> Data for review:

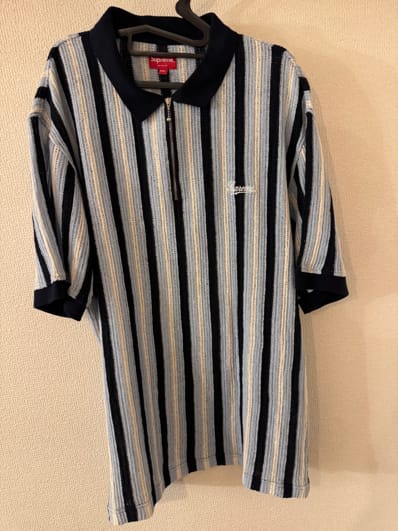 Supreme Open Knit Stripe Zip Polo "Navy"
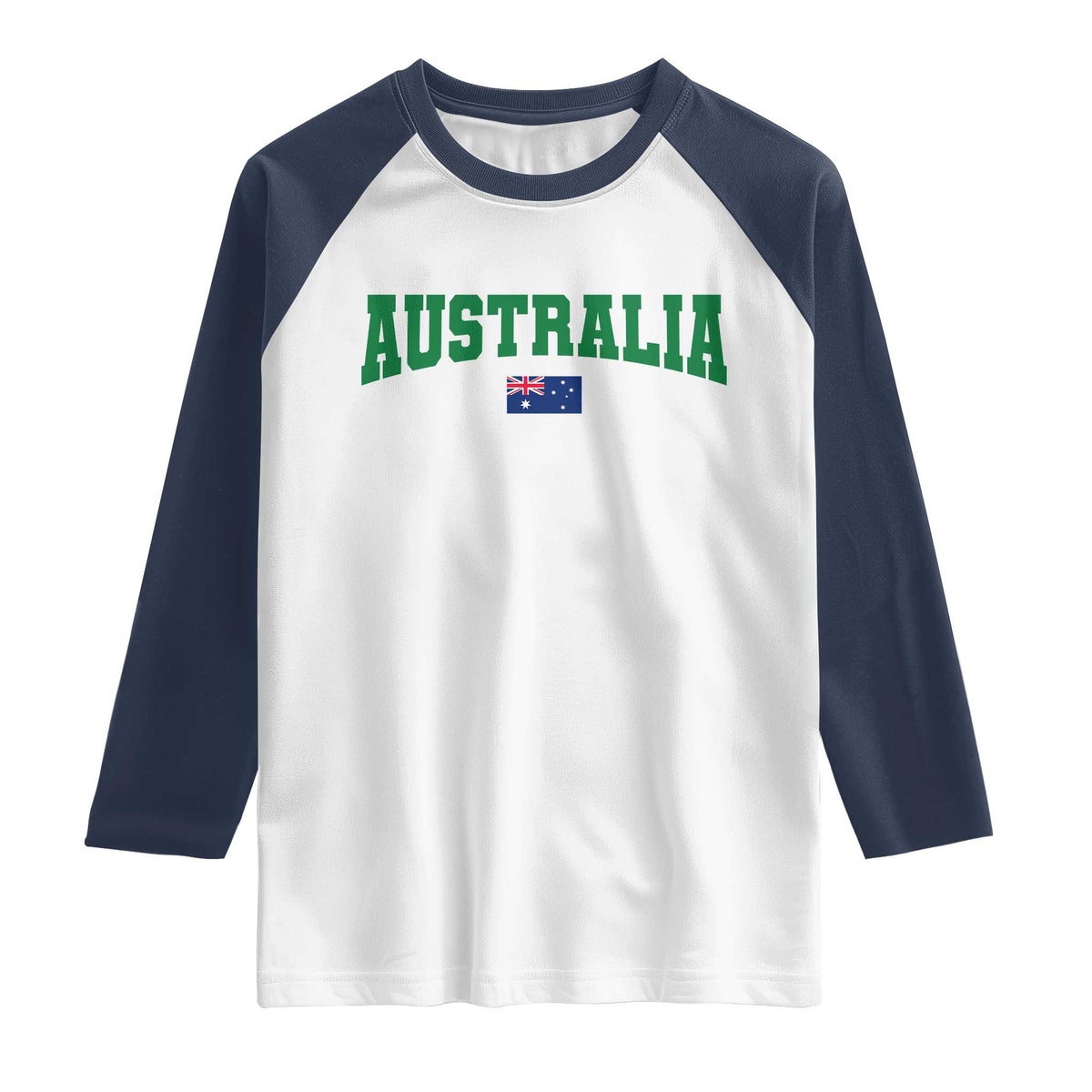 Green Yellow Australia Raglan Shirt Down Under Team Australia Flag Varsity Lettering Soccer Fans Football Tournament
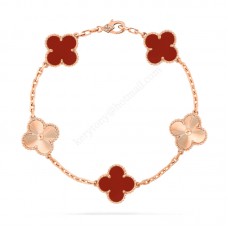 Van Cleef Arpels Alhambra Bracelet 5 Motifs Rose Gold with Carnelian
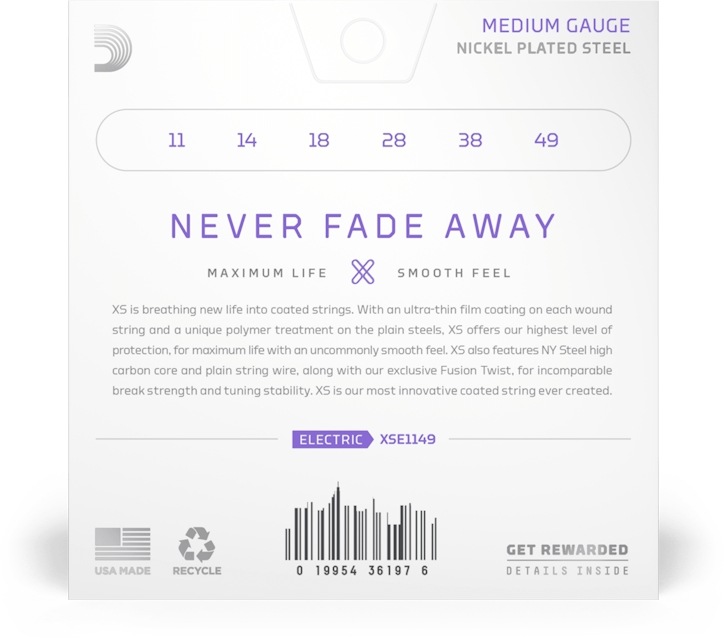 D'Addario エレキギター弦 XSE1149 Medium 011-049［ダダリオ エレキ コーティング ニッケル]【ゆうパケット対応】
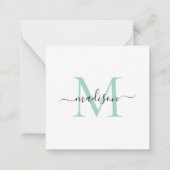 エレガントフェミニンモダンMonogram Script Mint Green ノートカード (裏面)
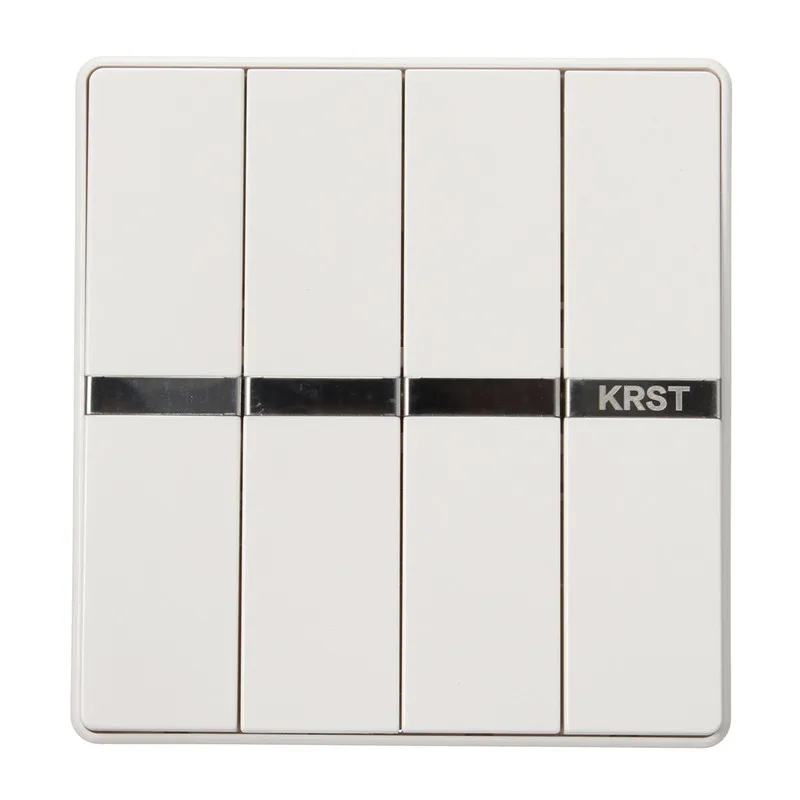 KRST Luxury LED Lighting Switch 4 Gang 1 Way 4 Gang 2 Ways White Push Button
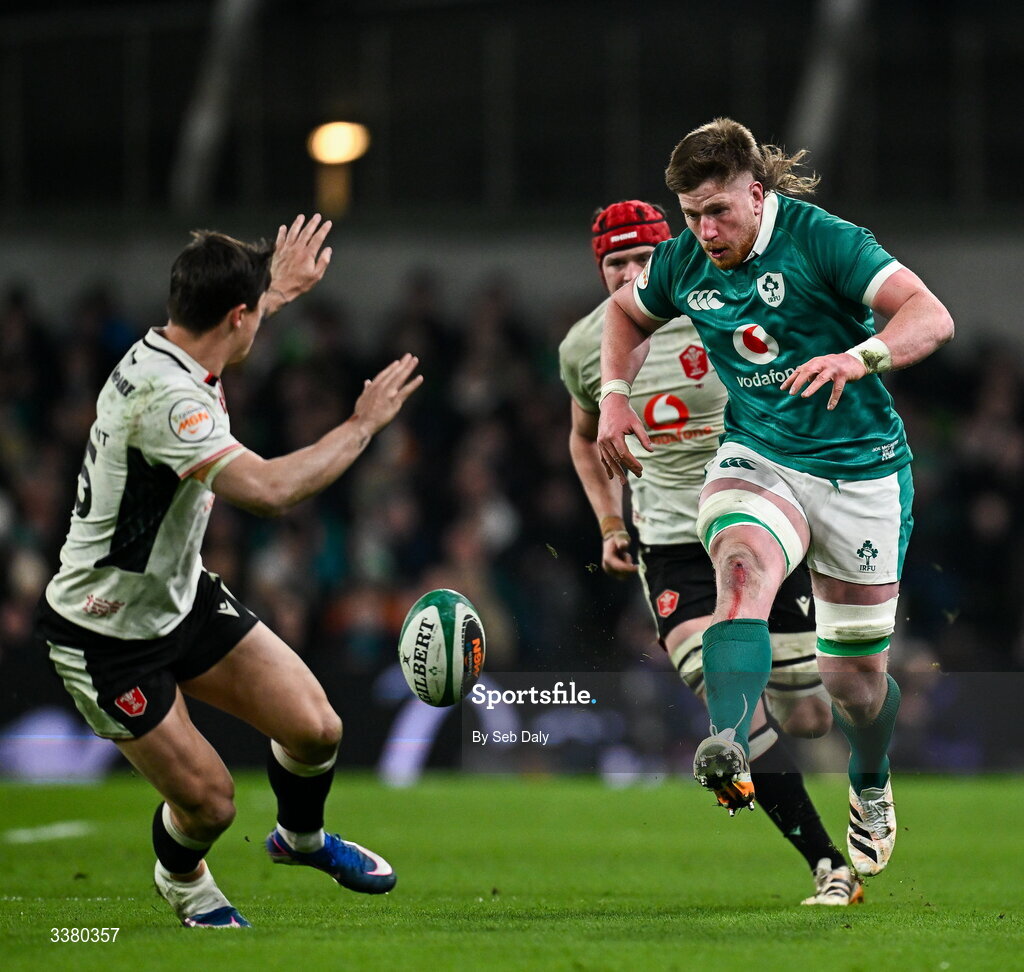 6 March 2026; Joe McCarthy of Ireland kicks on during the Guinness 6 Nations Rugby Championship match between Ireland and Wales at the Aviva Stadium in Dublin. Photo by Seb Daly/Sportsfile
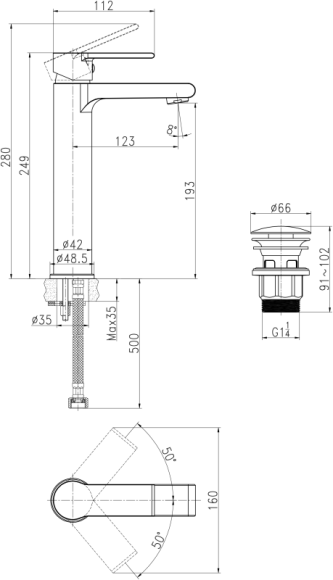 Смеситель для раковины высокий BRASKO однорычажный клик клак Смеситель для раковины высокий BRASKO однорычажный клик клак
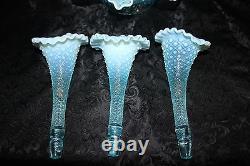 Vintage Fenton Blue Opalescent Diamond Lace Epergne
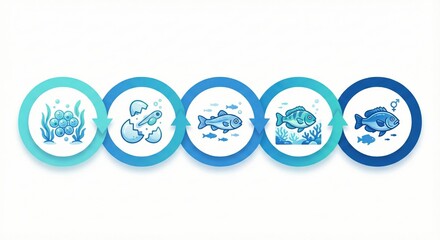 A visual representation depicting the life cycle of fish, illustrating key stages from eggs to mature fish in a gradient of blue tones.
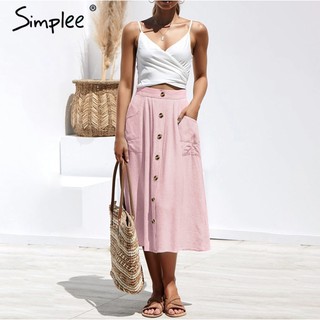 ‼️SALE‼️พร้อมส่ง Simplee PINK Button Front Pockets Long Skirt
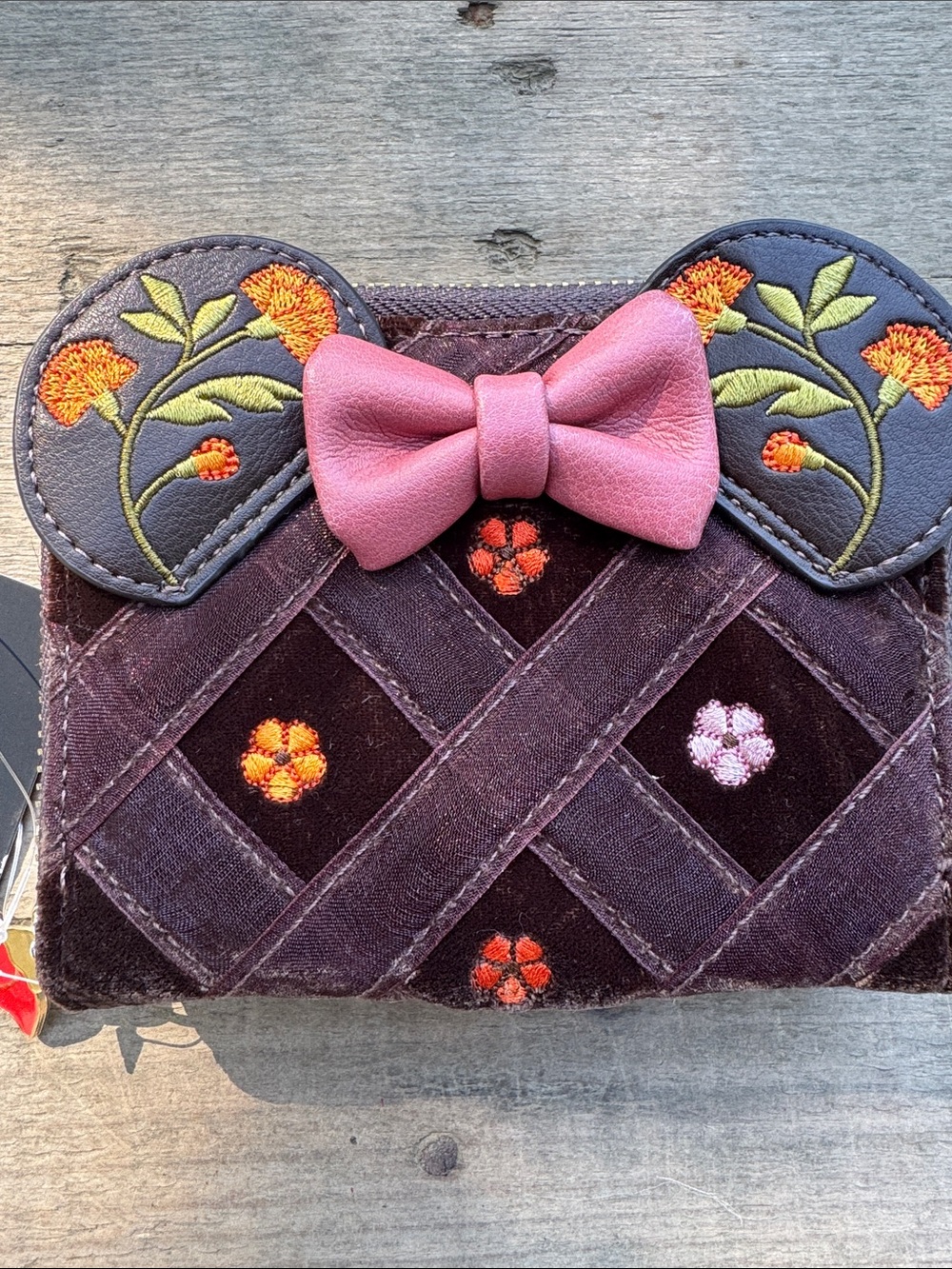 Disney Box lunch Plush Velvet Floral Bow Wallet - Pink Bow, Purple Body NWT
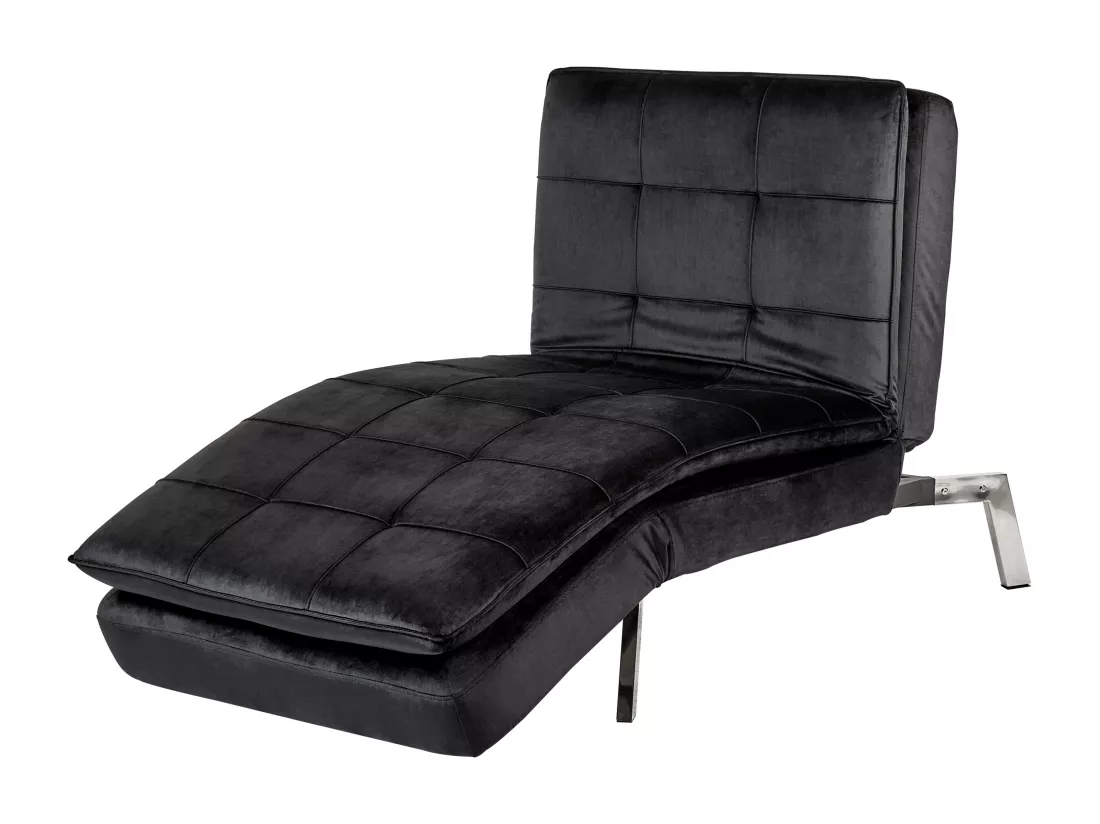 Chaise longue en velours noir LOIRET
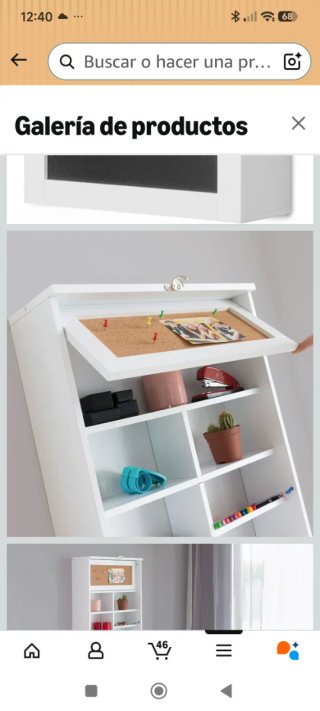 Escritorio plegable blanco con estanterías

> About this task: Looking at the records above, extract only the lines from the one with "A visual representation" through the last line, exactly, with the pictures left out.

> Output of the exercise:
 A visual representation depicting the life cycle of fish, illustrating key stages from eggs to mature fish in a gradient of blue tones.
 ‼️SALE‼️พร้อมส่ง Simplee PINK Button Front Pockets Long Skirt
 Disney Box lunch Plush Velvet Floral Bow Wallet - Pink Bow, Purple Body NWT
 Chaise longue en velours noir LOIRET
 Escritorio plegable blanco con estanterías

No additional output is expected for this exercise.